Although Russia has taken the initiative in the war since the fall of Avdiivka on February 17, it has not been able to inflict decisive defeats on the Armed Forces of Ukraine (AFU), which have made good use of its increasingly large drone fleet to make the no mans land at the line of contact a kill zone for advancing Russian forces. Russia is reportedly losing 1,200 men a day killed or wounded in action, or some 30,000 a month, equivalent to the numbers currently being recruited.

Given that Putin is facing a costly war of attrition, three Reuters sources said Putin understood any dramatic new advances would require another nationwide mobilisation, which he didn't want, with one source, who knows the Russian president, saying his popularity dipped after the first mobilisation in September 2022.

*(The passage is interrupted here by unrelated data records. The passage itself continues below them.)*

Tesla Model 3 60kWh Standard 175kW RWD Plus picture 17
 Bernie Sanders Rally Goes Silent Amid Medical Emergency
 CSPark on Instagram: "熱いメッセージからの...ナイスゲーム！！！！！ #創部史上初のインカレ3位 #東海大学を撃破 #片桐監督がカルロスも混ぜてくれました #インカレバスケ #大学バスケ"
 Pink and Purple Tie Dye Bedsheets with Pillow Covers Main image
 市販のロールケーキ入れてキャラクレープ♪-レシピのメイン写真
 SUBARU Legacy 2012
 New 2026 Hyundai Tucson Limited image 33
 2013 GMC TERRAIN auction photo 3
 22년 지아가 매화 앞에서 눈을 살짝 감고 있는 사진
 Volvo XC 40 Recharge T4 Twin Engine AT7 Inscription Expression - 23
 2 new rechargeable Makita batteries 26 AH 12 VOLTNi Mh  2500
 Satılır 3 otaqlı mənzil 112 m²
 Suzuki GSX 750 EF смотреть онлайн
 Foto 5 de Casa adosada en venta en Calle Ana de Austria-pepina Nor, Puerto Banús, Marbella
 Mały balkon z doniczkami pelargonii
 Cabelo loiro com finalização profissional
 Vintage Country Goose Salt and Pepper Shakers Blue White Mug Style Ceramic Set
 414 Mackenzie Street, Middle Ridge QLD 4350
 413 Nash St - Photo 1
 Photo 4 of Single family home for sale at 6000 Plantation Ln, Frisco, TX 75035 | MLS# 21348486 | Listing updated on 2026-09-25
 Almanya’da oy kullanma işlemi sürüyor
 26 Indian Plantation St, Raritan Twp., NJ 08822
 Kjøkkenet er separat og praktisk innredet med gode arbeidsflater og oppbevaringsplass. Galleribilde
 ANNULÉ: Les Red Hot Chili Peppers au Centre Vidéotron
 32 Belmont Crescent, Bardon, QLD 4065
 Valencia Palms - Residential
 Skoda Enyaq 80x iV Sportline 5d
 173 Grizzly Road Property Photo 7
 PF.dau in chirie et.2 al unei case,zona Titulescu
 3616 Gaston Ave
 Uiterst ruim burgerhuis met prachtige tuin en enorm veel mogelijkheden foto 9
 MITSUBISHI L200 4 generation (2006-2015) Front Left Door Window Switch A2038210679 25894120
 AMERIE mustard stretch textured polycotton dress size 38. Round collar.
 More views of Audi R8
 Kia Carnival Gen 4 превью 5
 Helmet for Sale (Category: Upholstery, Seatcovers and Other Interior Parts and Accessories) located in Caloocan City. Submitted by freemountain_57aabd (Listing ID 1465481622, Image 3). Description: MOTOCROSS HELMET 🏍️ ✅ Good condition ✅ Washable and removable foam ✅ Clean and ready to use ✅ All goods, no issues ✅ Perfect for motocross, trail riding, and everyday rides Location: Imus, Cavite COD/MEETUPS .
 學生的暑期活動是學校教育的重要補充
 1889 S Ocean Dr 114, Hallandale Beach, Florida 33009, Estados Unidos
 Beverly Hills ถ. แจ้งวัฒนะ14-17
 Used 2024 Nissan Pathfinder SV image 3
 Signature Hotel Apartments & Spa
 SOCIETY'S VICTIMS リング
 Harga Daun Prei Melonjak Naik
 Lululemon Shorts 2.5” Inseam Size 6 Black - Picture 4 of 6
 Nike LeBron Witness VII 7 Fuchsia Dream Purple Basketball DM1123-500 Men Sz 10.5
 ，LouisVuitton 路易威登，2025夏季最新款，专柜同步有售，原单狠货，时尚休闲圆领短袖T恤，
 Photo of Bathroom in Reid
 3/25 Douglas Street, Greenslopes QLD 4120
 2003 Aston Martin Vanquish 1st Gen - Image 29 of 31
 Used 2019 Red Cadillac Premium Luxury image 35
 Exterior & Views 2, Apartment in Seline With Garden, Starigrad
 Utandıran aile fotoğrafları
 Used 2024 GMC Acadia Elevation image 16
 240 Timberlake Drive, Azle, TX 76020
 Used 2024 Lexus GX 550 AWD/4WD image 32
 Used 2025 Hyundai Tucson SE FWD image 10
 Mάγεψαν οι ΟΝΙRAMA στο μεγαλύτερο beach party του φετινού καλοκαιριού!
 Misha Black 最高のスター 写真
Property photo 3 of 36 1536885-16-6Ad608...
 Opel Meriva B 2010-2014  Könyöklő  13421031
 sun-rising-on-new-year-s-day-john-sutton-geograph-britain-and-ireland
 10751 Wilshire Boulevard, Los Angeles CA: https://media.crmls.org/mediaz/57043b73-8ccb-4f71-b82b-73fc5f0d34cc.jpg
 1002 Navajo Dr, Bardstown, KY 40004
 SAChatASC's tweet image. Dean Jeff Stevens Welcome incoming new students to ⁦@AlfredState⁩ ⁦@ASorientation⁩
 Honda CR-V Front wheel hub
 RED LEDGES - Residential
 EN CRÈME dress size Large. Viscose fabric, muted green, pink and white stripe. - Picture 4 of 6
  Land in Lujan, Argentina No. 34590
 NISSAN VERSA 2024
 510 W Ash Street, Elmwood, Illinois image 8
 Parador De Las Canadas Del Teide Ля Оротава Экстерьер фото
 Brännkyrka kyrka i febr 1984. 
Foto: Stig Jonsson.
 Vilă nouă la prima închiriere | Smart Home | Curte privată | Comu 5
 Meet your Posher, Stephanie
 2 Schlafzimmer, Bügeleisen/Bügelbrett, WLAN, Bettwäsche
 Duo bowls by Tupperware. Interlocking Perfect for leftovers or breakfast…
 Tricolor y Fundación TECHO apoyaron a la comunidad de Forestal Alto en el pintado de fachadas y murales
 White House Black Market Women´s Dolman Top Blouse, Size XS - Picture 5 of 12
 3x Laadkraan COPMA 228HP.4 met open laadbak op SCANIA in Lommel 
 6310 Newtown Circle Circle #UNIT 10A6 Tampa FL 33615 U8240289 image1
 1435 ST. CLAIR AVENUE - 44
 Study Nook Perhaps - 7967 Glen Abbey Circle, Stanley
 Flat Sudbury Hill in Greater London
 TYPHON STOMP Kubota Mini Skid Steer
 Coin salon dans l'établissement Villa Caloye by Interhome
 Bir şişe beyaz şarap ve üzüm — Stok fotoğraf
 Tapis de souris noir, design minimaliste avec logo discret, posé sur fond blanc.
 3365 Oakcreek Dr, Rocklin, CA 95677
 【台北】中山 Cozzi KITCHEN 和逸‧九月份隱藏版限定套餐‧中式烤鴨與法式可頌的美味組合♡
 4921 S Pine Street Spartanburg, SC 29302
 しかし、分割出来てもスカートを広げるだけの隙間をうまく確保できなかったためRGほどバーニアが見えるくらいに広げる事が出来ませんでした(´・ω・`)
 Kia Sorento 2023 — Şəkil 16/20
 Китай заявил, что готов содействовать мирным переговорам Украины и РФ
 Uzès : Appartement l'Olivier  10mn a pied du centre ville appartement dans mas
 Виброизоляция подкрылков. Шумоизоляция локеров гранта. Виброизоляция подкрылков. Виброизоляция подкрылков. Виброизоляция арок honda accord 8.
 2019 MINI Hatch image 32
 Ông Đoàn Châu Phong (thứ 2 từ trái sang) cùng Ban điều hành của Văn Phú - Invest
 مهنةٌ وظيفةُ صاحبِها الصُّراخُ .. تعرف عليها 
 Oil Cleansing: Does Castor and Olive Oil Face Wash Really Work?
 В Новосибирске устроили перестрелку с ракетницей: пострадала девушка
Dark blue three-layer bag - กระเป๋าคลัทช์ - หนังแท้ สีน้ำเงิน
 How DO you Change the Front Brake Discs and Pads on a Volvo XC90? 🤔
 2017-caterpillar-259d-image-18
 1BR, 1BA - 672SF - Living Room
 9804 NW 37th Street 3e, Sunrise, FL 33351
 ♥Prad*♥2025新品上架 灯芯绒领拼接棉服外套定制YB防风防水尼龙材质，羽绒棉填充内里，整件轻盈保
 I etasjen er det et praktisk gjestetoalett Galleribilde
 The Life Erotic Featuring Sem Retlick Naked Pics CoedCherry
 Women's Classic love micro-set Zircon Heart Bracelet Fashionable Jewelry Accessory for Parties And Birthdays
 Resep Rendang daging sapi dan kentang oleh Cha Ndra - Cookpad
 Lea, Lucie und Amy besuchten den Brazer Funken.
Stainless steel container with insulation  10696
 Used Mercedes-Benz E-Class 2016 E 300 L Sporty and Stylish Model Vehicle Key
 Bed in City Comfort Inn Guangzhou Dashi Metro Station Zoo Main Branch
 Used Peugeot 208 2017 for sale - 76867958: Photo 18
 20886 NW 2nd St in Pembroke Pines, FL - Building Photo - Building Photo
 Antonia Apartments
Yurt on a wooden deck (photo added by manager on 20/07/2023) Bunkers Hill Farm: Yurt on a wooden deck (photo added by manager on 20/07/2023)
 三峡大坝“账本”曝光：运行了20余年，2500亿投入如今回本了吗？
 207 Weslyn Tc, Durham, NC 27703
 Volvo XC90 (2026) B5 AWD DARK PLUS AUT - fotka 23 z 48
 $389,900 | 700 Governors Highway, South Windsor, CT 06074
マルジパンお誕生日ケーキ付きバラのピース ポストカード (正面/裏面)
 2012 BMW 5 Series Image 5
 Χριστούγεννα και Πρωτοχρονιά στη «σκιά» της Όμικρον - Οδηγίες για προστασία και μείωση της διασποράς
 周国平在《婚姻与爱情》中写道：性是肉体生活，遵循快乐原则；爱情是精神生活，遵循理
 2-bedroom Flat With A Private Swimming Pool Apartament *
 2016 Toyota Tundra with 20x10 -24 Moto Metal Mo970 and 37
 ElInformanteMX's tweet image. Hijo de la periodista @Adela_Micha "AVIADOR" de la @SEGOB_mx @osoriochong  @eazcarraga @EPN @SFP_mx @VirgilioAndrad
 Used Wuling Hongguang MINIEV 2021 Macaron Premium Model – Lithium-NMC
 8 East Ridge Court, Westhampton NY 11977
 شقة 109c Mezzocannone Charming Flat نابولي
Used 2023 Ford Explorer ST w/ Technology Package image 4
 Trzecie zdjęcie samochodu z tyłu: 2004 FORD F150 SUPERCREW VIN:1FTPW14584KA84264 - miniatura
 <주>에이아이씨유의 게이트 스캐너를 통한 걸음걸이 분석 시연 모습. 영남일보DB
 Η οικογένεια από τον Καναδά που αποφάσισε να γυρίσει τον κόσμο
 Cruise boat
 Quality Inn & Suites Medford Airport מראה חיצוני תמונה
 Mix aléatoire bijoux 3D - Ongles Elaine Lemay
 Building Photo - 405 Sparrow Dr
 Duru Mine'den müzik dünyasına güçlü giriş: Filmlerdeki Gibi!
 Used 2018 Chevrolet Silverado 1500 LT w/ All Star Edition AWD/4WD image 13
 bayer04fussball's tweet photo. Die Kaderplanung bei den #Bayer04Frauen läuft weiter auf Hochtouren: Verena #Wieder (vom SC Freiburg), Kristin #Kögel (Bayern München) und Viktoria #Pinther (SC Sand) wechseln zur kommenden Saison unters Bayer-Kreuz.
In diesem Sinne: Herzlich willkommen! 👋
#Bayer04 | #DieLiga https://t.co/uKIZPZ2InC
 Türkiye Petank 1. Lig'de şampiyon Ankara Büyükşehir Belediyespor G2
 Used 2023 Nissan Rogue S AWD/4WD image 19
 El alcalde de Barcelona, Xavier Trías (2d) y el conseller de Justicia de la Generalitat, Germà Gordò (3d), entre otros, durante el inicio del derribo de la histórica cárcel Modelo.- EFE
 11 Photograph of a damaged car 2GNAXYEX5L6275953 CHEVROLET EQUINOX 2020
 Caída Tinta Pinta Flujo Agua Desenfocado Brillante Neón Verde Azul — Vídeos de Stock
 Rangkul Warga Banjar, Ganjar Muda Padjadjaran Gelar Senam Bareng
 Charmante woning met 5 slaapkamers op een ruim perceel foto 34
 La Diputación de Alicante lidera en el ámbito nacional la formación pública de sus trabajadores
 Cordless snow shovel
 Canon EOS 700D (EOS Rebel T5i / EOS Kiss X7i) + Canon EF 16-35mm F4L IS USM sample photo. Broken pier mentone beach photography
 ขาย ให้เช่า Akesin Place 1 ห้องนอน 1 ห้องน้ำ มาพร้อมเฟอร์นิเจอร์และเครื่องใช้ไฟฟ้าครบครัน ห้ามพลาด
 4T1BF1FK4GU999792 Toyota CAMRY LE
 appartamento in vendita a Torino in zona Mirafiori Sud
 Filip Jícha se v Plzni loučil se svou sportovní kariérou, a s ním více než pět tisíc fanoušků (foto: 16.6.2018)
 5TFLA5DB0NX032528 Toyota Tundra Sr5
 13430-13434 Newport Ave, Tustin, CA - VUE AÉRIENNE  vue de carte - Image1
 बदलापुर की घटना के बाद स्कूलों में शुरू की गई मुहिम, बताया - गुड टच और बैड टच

However, as bne IntelliNews columnist Mark Galeotti pointed out in a recent opinion piece, “victory” for either side remains ill-defined and the maximalist positions of both the Kremlin and Bankova means there is no overlap in their negotiating positions and so no basis for talks.

The prospect of a ceasefire, or even peace talks, currently seems remote. Zelenskiy has repeatedly said peace on Putin's terms is a non-starter. He has vowed to retake lost territory, including Crimea, which Russia annexed in 2014. He signed a decree in 2022 that formally declared any talks with Putin "impossible."

One of Reuters’ sources predicted no agreement could happen while Zelenskiy was in power unless Russia bypassed him and struck a deal with Washington. However, US Secretary of State Antony Blinken, speaking in Kyiv last week, told reporters he did not believe Putin was interested in serious negotiations.

Another factor influencing the Kremlin chief's view that the war should end is that the longer it drags on, the more battle-hardened veterans return to Russia, dissatisfied with post-war job and income prospects, potentially creating tensions in society, said one of the sources, who has worked with Putin.

Five sources told Reuters that Putin had told advisers he had no designs on Nato territory, reflecting his public comments on the matter. Two of the sources cited Russian concerns about the growing danger of escalation with the West, including nuclear escalation, over the Ukraine standoff.